_Given records:_
------------------------------------
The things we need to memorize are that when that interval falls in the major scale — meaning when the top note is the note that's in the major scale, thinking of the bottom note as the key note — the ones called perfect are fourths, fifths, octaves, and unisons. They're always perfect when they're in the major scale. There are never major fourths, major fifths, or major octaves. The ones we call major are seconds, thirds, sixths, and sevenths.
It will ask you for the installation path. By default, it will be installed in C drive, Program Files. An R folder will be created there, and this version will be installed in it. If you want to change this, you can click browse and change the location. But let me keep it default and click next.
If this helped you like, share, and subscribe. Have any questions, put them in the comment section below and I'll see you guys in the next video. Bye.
------------------------------------
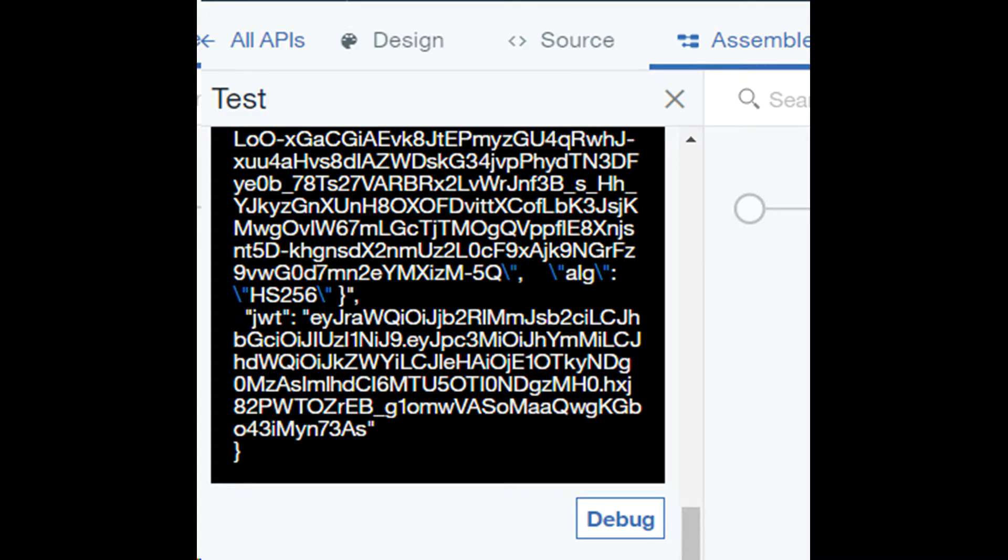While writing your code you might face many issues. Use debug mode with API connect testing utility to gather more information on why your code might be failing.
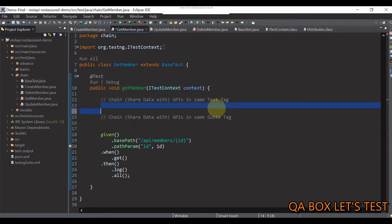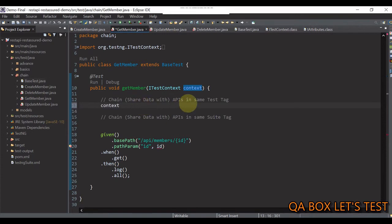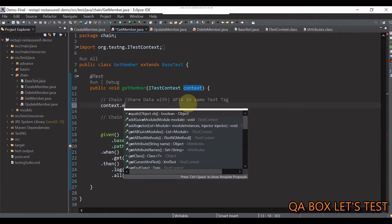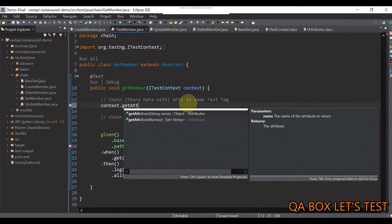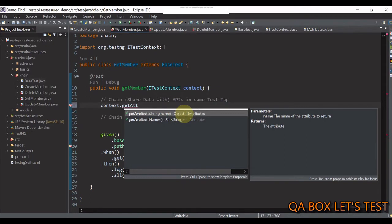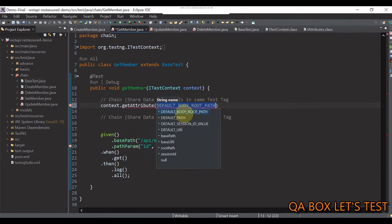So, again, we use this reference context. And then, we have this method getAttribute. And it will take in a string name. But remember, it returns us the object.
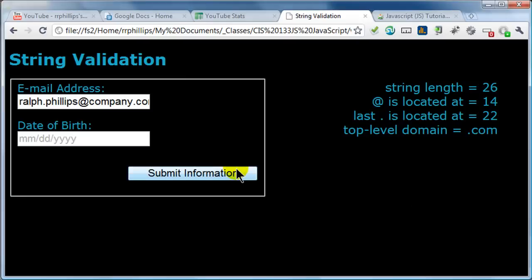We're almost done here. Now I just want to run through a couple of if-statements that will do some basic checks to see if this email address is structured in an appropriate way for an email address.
------------------------------------
_What is expected:_ Pictures excluded, transcribe the listing above exactly from the line with "While writing your" through the line with "We're almost done", and no further.

_Written answer:_
While writing your code you might face many issues. Use debug mode with API connect testing utility to gather more information on why your code might be failing.
So, again, we use this reference context. And then, we have this method getAttribute. And it will take in a string name. But remember, it returns us the object.
We're almost done here. Now I just want to run through a couple of if-statements that will do some basic checks to see if this email address is structured in an appropriate way for an email address.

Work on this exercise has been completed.